Holy Trinity Church, Derby is a Locally listed former Church of England parish church on London Road in Derby.

==History==

The first church on the site was built by a speculator from Sheffield in 1831 and dedicated to St. George as a chapel of ease to St Peter's Church, Derby. It closed in 1835. In March 1836 it was purchased from the speculator and repaired. It opened for worship on 23 April 1831. A new parish was formed out of the parish of St Peter on 23 October 1836. It was rededicated to the Holy Trinity and consecrated on 16 August 1837.

By 1870 the tower was leaning away from the building, and emergency repairs were undertaken to secure it to the fabric of the building with iron ties. However, the church deteriorated further, and an architects report in 1897 outlined the dangerous condition of the building. The top of the tower was removed in 1902, and the last service in the old building was held on Easter Day, 1903.

On 15 July 1903 a foundation stone was laid by C.E. Newton JP DL for a new building. The architect was Charles Hewitt of Brighton, and the contractor was Walker and Slater of Derby. The new church was consecrated on 18 May 1905 by the Bishop of Southwell, Edwin Hoskyns.

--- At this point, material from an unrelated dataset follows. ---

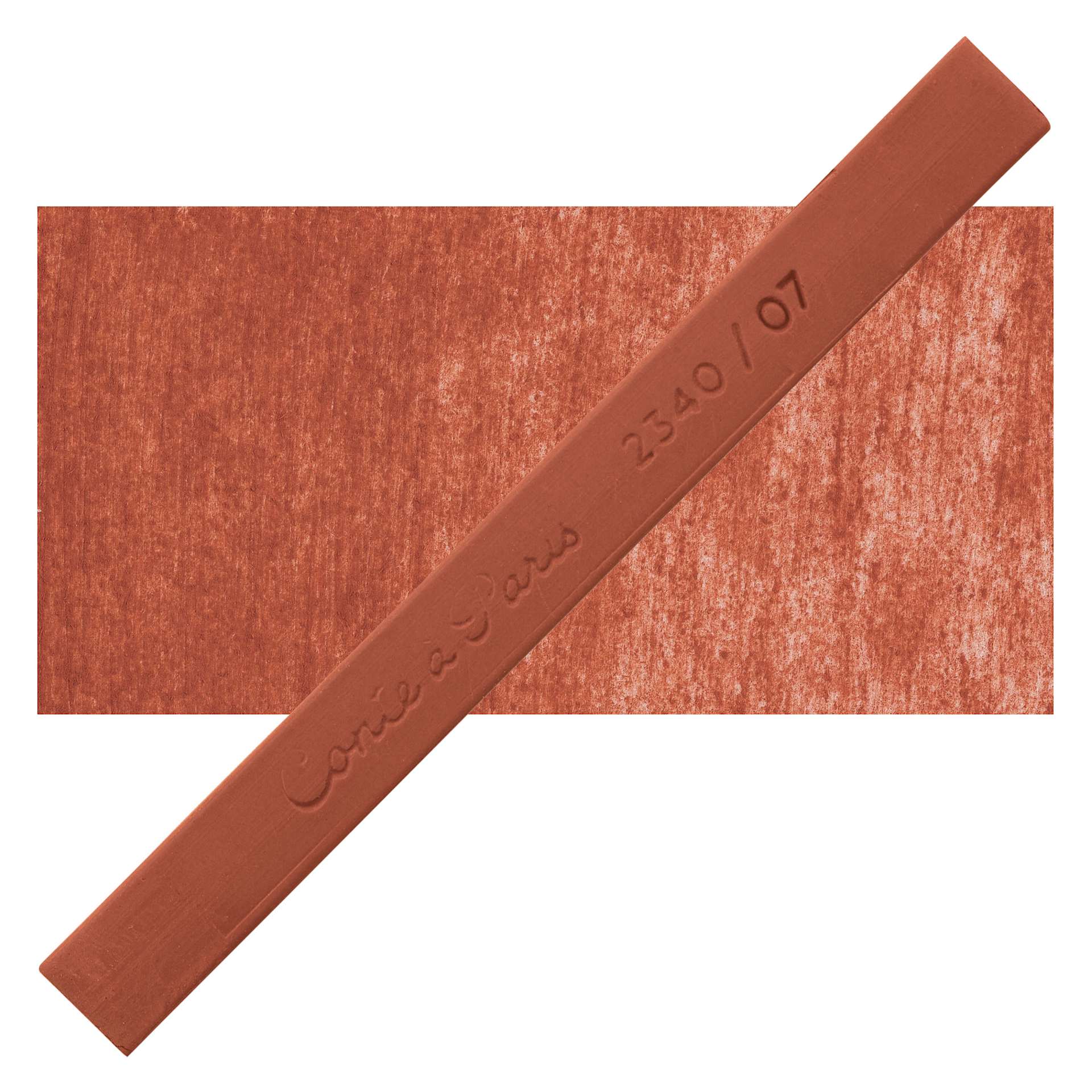 Conté à Paris Colour Pastel Carré - Red Brown 07, Single Carré and swatch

It closed as a Church of England parish in 1972 and the parish was merged with Christ Church, Derby. The church building was sold to the Assemblies of the First Born.

==Organ==

The church contained an organ by Bates dating from the 1850s. A specification of the organ can be found on the National Pipe Organ Register. When the church was declared redundant by the Church of England, the organ was transferred to All Saints’ Church, Aston-upon-Trent.